Skewing the immune system in favor of the patient involves fighting through the immune‐suppressive environment created by the tumor cells and activating the host defenses against tumor. Augmenting the potential of our immune system to fight cancer using DCs involves activation of multiple immune cells such as CD4+, CD8+, and macrophages. As DC vaccine is a form of active immunotherapy that engages our immune system to fight against tumor, the time taken to actually see tumor reducing after DC therapy can be long and vary from patient to patient 23. This was concordant with the decrease in tumor size (3.0 × 2.5 cm) after 1 month of receiving last dose of APCEDEN® followed by slight increase in tumor mass (3.1 × 2.7 cm) before final regression (2.1 × 1.6 cm) after 14 months (Fig. 1B). Increase in tumor mass reported after few months of immunotherapy might be attributed to the infiltrating immune cells at the tumor site 24, 25.

The patients with baseline NLR < 5 had a significantly improved progression‐free survival (PFS) and overall survival (OS) compared with those with NLR ≥ 5. Associations of low NLR with improved survival are confirmed in various validation cohorts of patients 26. In agreement with the published reports, the patients displayed a decreasing NLR < 5 supporting our results showing complete remission of adenocarcinoma in the present case study.

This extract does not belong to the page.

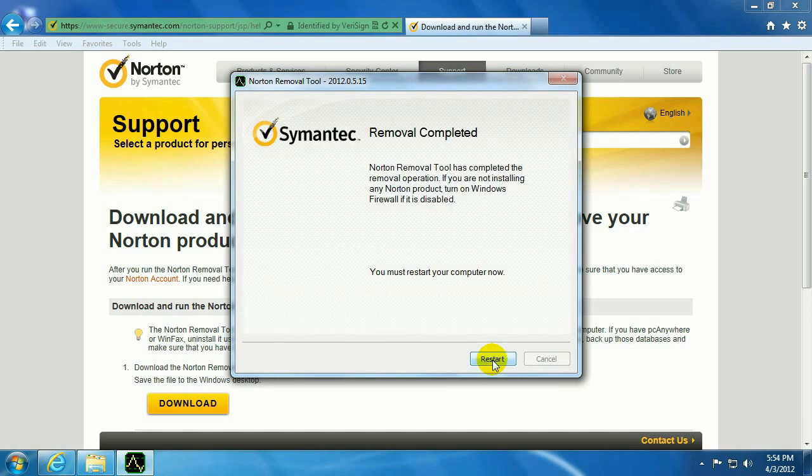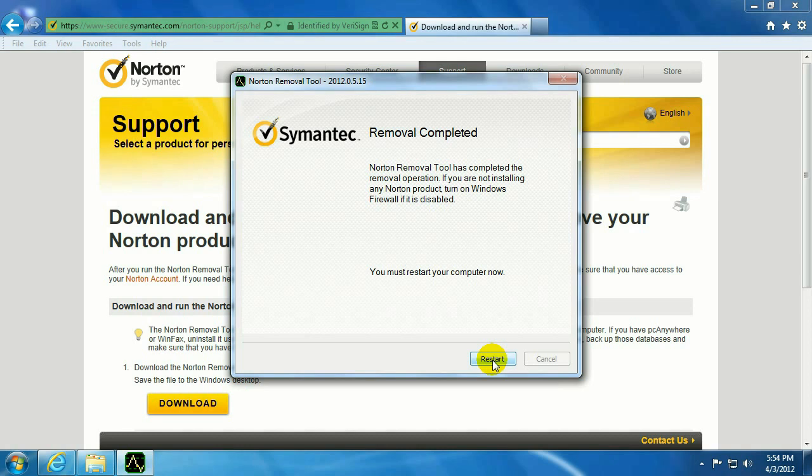Now this is completed. It's going to ask us to restart the computer, which we're going to do off screen. But basically, you restart and then the removal process is finished. If you have any other questions, come visit us at www.microcentertech.com.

As this is a rare form of cancer, and no standard treatment modalities are in practice, the DC therapy that can be administered simultaneously along with Gefitinib medication is carried out in the present case. As the patient was aged and keeping in view the stage of the carcinoma, we could only enumerate limited clinical and pathological parameters which are presented in the case study. Further assessment of the subject to determine the tumor‐free status and long‐lasting immunity to prevent relapse is required.

Conflict of Interest

None declared.

Authorship

CK, BS, and SK: performed the dendritic cell therapy (APCEDEN®), wrote the original manuscript. MJ: performed chemotherapy and radiation, did infusion of APCEDEN®, and obtained the patients consent. CK, BS, and SC: reviewed and edited the final manuscript.